Ademais, na HQ as questões aparecem não somente nas discussões entre os jovens, os papéis secundários também apresentam seus jogos de poder. Exemplo disso se dá quando, por exemplo, vemos o convite da professora Bel, durante a proposta de uma atividade para segunda nota, para que os jovens tragam para sala de aula o seu cotidiano. Isso acontece através de uma atividade da própria disciplina que pede que a poesia seja trabalhada incorporando a vivência exterior à escola, rompendo, nesse sentido, a barreira entre esses dois espaços. Outro elemento seria também a figura do diretor, que é um personagem que ocupa o lugar de silenciamento frente aos jovens, demonstrando não querer saber sobre suas relações, seus conflitos e seus afetos.

Outro aspecto de destaque é a caracterização dos personagens primários, secundários, bem como dos espaços, que leva em consideração a representação regional e nacional. Essa opção se materializa na HQ pela linguagem, no uso de neologismos, pela cor dos personagens primários e secundários, predominantemente não-branca, pela presentificação das grades – marcas comuns em nossos objetos e prédios públicos – na estrutura física das escolas públicas. Desse modo, é por meio da apresentação sobre a realidade percebida que se borram as fronteiras da experiência real de jovens brasileiros, especificamente jovens periféricos, e da fantasia, para que possam traçar caminhos para sua transformação.

Para construir conhecimento, para transformar ação em revolução, é preciso entender com que cores o ouvinte pinta o mundo a fim de que possamos lhe apresentar novas pinturas, técnicas e cores (Freire, 2019) e, com isso, unir forças para transformação radical das opressões sociais que persistem. E, como afirma Preciado (2020), “para o subalterno, falar não é simplesmente resistir à violência do performativo hegemônico. É sobretudo, imaginar teatros dissidentes, nos quais seja possível produzir uma nova força performativa.” (p. 131).
Ferreira (2010) anota que a arte é uma forma específica de construir conhecimento, uma força inventiva que recria a vida. Por isso, a fantasia amplia nosso campo de visão e cria ferramentas e mecanismos para a mudança estrutural da sociedade. A criatividade nos permite a transformação da nossa realidade, já que a imaginação nos permite traçar novas rotas que afetam a realidade concreta, sendo, portanto, apropriada ao espaço da educação e da política (Freire & Shor, 1986). Esse engajamento no fazer que enlaça o imaginativo à realidade concreta aponta para a revolução social de um saber-fazer cotidiano.
37.3 “Quem conta um conto aumenta um ponto”: e todos os pontos contam?
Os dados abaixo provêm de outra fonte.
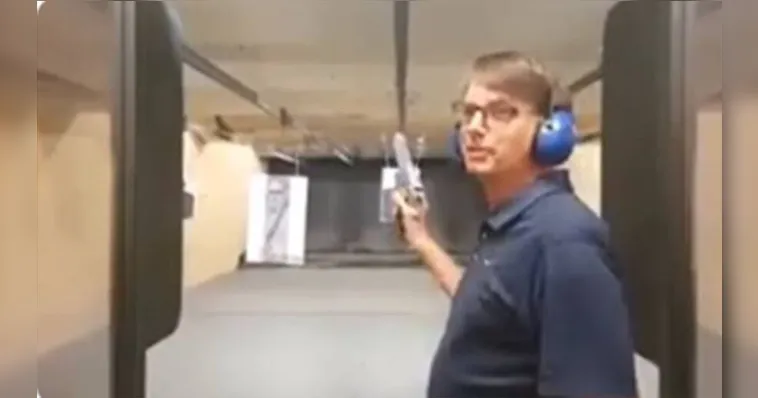 Imagem ilustrativa da notícia Bolsonaro assina decreto que permite que cada pessoa compre 60 armas no Brasil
Chimamanda Ngozi Adichie (2019), em sua fala sobre o risco de uma história única, discute sobre os impactos de se contar histórias sobre um grupo ou povo, ao se construir estigmas que relegam sujeitos a posições inferiores ou perigosas a partir de como, quando, quanto e por quem são contadas. Vemos isso se repetir reiteradamente na nossa história – e ainda de forma muito presente –, como pôde ser observado pelas construções de vilões e heróis pela mídia nacional.
Acrescentamos, ainda com Adichie (2019), que pensar em histórias é pensar em poder. Como Almeida (2015) diz, ao lembrar Walter Benjamin, a história contada, oficial, é a história dos vencedores. Guerras são contadas pela ótica de quem vence, não de quem é derrotado, assim construindo como correta a lente que observa a história a partir da perspectiva daqueles que detêm o poder. Ter o poder de ser narrador é ter poder político, nas palavras de Boal (2009): “A luta semântica é luta pelo Poder” (p. 70). A reprodução desse fazer diário se enraíza por toda a nossa forma de construção de sociedade. Quando pensamos saúde, educação, relações sociais, políticas públicas, notamos que são sempre entrelaçadas ao olhar de quem tem mais poder, pois são quem as constrói. Sua manutenção, contudo, se nutre da abertura que encontram na nossa reprodução desse ponto de vista em nossas ações, nossos valores e nossos pensamentos.
Logo, é inegável a potência de abrir espaços de fala para esses outros narradores “não-oficiais” como forma de resistir à fala hegemônica e hackear os processos da construção social, nos quais, na prática, todos estamos implicados. Portanto, criar ambientes de escuta e fala é abrir um campo fértil para novas produções de sentidos e de transformação não somente de sujeitos, mas também de coletivos – e da sociedade – por meio do poder do narrador que se metamorfoseia em diferentes vozes. Uma narração não completa, visto que isso seria inviável, mas prismática, ou seja, que não se hierarquiza de maneira vertical nem se ordena de maneira horizontal, mas sim interseccional.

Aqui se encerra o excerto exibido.